**Work to be completed**
From the line containing "019 High Quality" to the line containing "and professionalism. Two" in the entries below, reproduce every line exactly, ends included. Nothing else belongs in the copy, and no pictures.

--- Record set ---

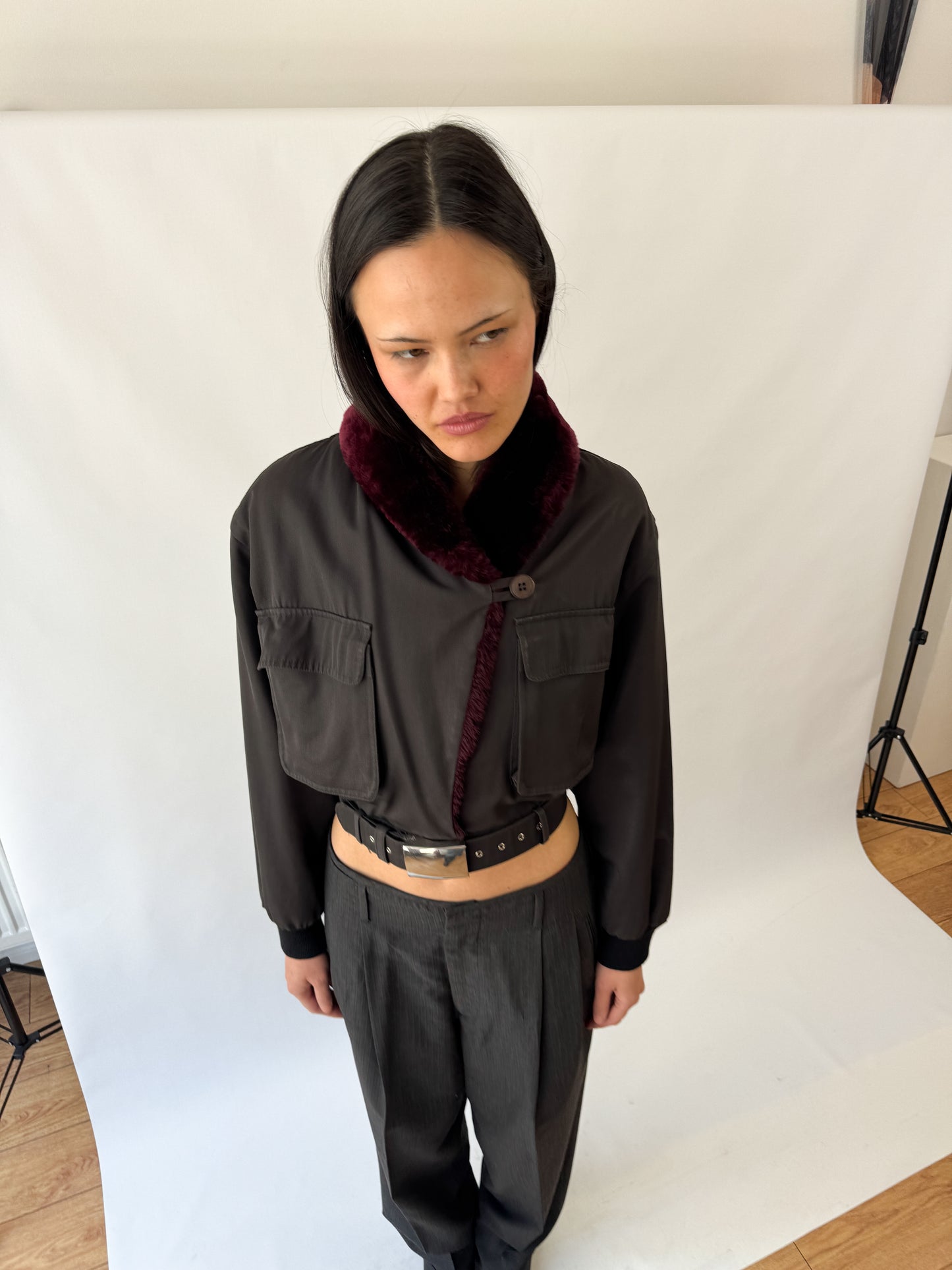 Jean Paul Gaultier Cropped Fur Collar Runway Jacket FW1991
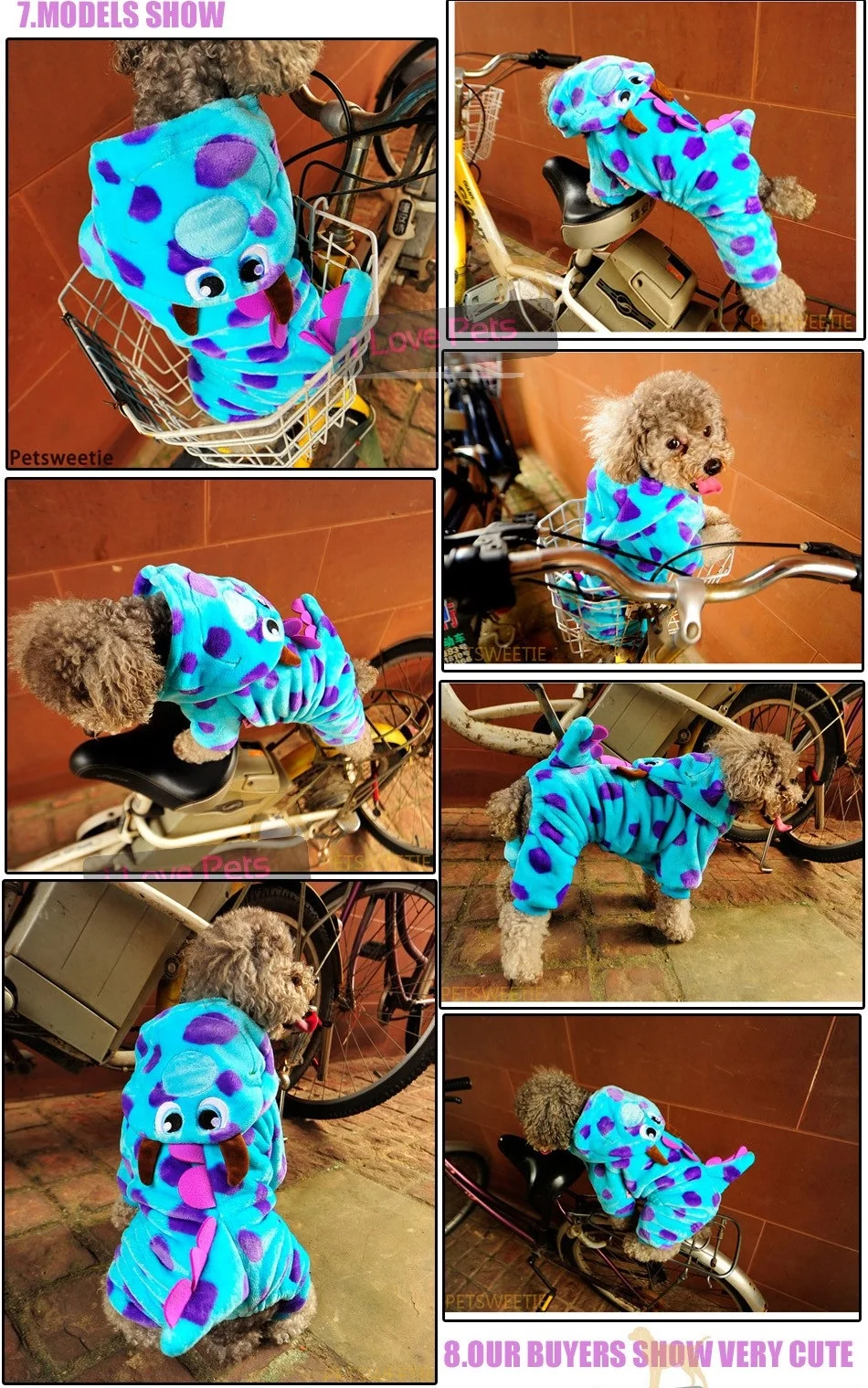 019 High Quality Dog Pet Clothes Super Cute Party Dress up Dog Clothing Coat Dragon Small Medium dog Blue Summer Winter Girl (2)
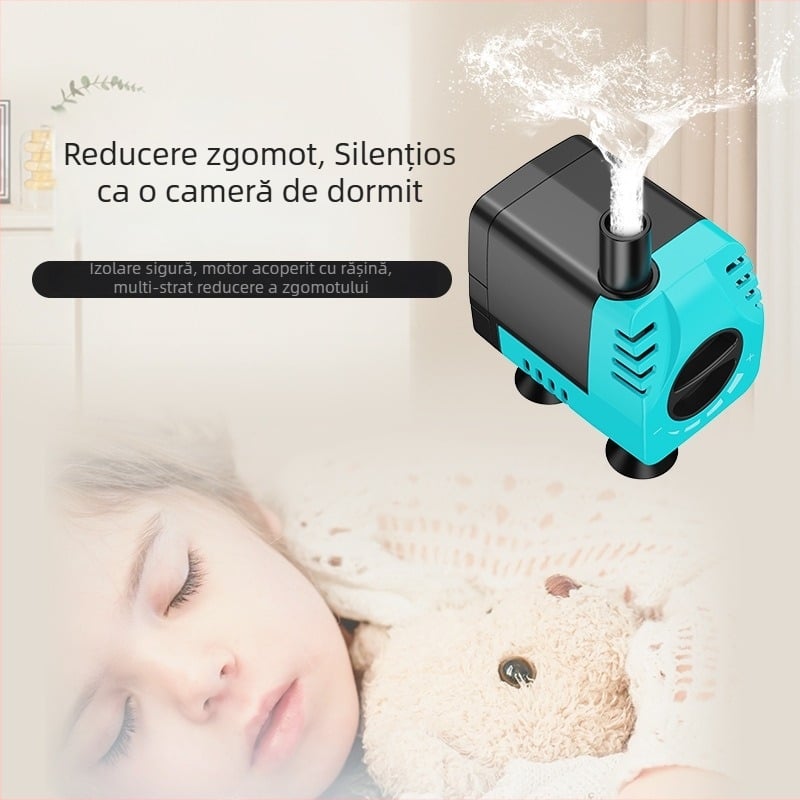 Pompă submersibilă pentru acvariu, cu filtru silențios, debit reglabil, debit mare, economie de energie, circulație în rocă decorativă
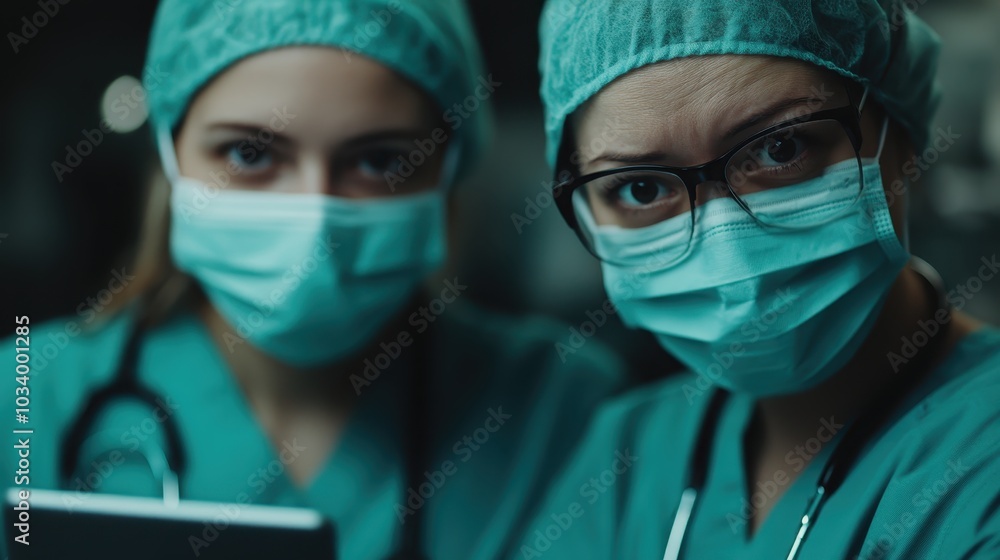 Two medical professionals wearing surgical masks and scrubs, standing in a hospital setting. Their focused and determined expressions indicate readiness and professionalism. Two medical professionals wearing surgical masks and scrubs, standing in a hospital setting. Their focused and determined expressions indicate readiness and professionalism.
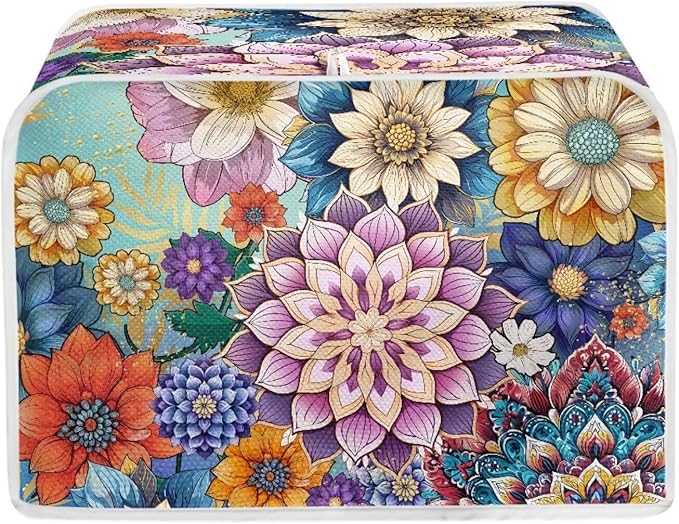UNICEU Boho Flower Bright Blossom 2 Slice Quilted Toasters Cover, Dust-proof Toasters Cover Bread Maker Cover Kitchen Small Appliance Dust Cover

---

**Solved exercise**
 019 High Quality Dog Pet Clothes Super Cute Party Dress up Dog Clothing Coat Dragon Small Medium dog Blue Summer Winter Girl (2)
 Pompă submersibilă pentru acvariu, cu filtru silențios, debit reglabil, debit mare, economie de energie, circulație în rocă decorativă
 Two medical professionals wearing surgical masks and scrubs, standing in a hospital setting. Their focused and determined expressions indicate readiness and professionalism. Two medical professionals wearing surgical masks and scrubs, standing in a hospital setting. Their focused and determined expressions indicate readiness and professionalism.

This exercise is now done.